#### Task prompt
Only the lines from the start of the entries through the line with "Life — February 1934 — page 21 of 52" are wanted; please output them exactly.

#### Data listing
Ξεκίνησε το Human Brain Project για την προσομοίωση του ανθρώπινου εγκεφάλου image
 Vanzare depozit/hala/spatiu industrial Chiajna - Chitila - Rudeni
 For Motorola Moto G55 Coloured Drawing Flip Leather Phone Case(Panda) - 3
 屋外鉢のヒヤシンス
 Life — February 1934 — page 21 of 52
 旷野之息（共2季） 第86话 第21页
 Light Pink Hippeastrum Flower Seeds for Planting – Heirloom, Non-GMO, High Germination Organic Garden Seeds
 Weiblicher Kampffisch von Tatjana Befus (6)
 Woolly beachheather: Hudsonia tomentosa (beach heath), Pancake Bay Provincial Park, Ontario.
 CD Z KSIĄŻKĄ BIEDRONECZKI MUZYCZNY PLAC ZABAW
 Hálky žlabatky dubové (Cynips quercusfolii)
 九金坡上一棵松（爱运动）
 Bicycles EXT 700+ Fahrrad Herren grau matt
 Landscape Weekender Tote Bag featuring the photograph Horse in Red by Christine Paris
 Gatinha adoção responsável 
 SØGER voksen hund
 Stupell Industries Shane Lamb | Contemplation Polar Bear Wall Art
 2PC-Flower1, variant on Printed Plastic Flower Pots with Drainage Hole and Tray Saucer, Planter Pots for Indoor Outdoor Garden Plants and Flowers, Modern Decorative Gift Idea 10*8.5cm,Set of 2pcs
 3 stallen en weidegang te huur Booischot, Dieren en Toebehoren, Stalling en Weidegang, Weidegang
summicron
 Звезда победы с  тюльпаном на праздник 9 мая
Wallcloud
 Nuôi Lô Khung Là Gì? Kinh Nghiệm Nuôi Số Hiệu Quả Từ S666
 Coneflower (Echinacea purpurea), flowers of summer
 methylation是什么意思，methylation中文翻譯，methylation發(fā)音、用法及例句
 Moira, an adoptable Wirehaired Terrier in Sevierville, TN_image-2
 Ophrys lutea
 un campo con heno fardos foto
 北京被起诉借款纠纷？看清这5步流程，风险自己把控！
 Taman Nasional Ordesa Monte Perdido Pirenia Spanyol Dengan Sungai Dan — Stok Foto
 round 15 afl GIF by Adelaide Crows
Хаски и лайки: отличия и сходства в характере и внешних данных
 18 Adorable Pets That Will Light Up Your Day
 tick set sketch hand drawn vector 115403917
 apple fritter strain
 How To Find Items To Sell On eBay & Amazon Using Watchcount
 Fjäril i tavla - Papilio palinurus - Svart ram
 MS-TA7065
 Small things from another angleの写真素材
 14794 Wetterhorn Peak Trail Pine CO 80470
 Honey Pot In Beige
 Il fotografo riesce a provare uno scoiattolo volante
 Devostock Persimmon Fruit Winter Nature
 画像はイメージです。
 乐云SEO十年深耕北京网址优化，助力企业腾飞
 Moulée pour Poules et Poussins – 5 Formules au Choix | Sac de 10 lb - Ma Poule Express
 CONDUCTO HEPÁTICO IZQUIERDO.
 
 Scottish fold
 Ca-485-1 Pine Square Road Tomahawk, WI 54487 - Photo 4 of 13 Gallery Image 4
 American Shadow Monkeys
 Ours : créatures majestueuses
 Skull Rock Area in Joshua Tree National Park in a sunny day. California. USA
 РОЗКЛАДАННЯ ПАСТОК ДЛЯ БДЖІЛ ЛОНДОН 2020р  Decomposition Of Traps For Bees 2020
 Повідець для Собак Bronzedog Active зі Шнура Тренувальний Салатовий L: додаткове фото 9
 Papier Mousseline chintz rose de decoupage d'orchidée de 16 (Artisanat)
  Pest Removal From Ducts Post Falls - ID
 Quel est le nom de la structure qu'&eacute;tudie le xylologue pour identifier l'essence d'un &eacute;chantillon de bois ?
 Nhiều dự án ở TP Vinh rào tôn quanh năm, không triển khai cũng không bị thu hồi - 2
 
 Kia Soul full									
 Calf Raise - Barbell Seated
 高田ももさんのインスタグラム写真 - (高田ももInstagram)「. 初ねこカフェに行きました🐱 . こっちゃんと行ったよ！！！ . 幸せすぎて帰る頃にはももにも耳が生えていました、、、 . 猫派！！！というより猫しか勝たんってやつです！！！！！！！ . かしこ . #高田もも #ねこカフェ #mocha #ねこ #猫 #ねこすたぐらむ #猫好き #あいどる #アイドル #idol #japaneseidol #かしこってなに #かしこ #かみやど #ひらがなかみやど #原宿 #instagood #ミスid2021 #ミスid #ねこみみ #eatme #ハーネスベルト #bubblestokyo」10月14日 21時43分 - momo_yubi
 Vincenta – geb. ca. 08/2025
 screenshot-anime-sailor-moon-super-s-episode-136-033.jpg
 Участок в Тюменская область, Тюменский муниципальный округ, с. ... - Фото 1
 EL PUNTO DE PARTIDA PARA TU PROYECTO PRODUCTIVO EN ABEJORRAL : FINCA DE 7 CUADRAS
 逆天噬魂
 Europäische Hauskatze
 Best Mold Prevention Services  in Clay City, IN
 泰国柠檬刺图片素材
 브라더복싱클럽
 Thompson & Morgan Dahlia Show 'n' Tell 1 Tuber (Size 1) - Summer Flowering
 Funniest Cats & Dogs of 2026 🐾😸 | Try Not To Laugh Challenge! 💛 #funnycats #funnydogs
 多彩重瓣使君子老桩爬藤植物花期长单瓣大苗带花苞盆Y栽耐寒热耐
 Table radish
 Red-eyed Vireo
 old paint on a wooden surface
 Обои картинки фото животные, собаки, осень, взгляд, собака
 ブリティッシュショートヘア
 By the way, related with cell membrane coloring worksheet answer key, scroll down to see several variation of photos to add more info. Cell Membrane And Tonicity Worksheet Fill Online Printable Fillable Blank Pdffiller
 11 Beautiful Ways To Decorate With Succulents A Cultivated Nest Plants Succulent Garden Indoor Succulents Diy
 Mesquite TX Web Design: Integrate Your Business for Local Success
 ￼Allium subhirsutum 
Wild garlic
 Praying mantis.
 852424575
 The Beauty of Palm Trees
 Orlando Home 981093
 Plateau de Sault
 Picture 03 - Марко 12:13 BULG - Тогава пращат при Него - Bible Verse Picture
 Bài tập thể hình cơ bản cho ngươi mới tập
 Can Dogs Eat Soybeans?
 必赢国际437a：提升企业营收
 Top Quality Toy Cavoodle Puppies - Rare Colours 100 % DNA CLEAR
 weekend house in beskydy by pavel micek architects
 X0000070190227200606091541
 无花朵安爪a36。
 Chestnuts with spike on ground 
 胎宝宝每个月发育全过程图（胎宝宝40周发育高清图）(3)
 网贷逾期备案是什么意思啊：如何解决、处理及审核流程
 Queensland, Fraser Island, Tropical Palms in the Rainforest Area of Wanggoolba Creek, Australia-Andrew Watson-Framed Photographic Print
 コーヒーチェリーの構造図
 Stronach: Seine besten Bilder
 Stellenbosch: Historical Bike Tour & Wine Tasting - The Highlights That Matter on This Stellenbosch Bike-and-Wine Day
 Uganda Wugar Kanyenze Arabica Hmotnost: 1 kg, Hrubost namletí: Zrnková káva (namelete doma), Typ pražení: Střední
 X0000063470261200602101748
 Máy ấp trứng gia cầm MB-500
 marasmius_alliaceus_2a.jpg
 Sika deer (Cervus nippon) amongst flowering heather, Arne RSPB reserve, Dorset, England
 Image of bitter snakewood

#### The answer
Ξεκίνησε το Human Brain Project για την προσομοίωση του ανθρώπινου εγκεφάλου image
 Vanzare depozit/hala/spatiu industrial Chiajna - Chitila - Rudeni
 For Motorola Moto G55 Coloured Drawing Flip Leather Phone Case(Panda) - 3
 屋外鉢のヒヤシンス
 Life — February 1934 — page 21 of 52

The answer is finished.